Before we discuss the game ball for this week, take a moment to savor this. The Dallas Cowboys are 9-1. Coming off a 4-12 year, with the starting quarterback they planned on now relegated to being a backup, and key players sitting on the sideline every week. Now they have reached a record that is significant: No team that has gotten to 9-1 has ever missed the playoffs.
And today’s game ball has to go to the player that is so significant, both in what he has done all season and what he did against the Baltimore Ravens. Dak Prescott continues to build a case as the league MVP, much less Rookie of the Year. And his biggest competition for both those awards is that other rookie in the backfield. Ezekiel Elliott had 97 yards rushing on 25 carries against the best defense in the league (as we were reminded ad nauseum all week long leading up to the game) and added 30 yards catching the ball. But that strong performance pales beside the stat line Prescott put up on the Ravens’ D: 27 for 36 and 301 yards passing, three touchdowns, and this:
Dak 6-6 in 4th quarter today, 20-22 in 4th quarter in last 3 games
— Bob Thomas (@dcstats) November 20, 2016
It is becoming clear that Prescott just gets better as the game progresses, and may be doing the same over the course of the entire season.
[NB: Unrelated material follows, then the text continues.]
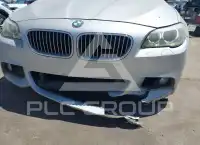 2013 BMW 535 photo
After three consecutive punts while Dallas seemed to need time to figure out the Baltimore defense, he led the team to five consecutive scores and a comfortable ten-point margin of victory that now has the team at a +98 point differential on the year.
Above and beyond that, he was completely unfazed by the furor surrounding the stunning speech given by Tony Romo accepting his new role as the backup. After a week that was unlike anything in memory, he just called on that preternatural poise that he has displayed all season. He out-dueled a Super Bowl winning quarterback (the second in a row, by the way). And he did nothing to put the decision to keep him as the starter in any doubt. The idea of a rookie quarterback being able to lead his team to the Super Bowl is seeming less and less far-fetched with every victory.
It looked a bit shaky as the Cowboys were facing a 7-0 deficit in the second quarter, and then after getting good field position, found themselves in a real hole with a first and 30 at their own 28 after consecutive penalties. But he handled that with his now-familiar aplomb, completing three passes to get them a first and goal at the Baltimore 7-yard line on a beautiful 41-yard pass to Brice Butler. It took a marvelous contested catch by Butler, but no one is claiming Prescott is doing it all by himself. This is a team effort, but on offense, there is no question Prescott is the leader. And everyone is responding to him.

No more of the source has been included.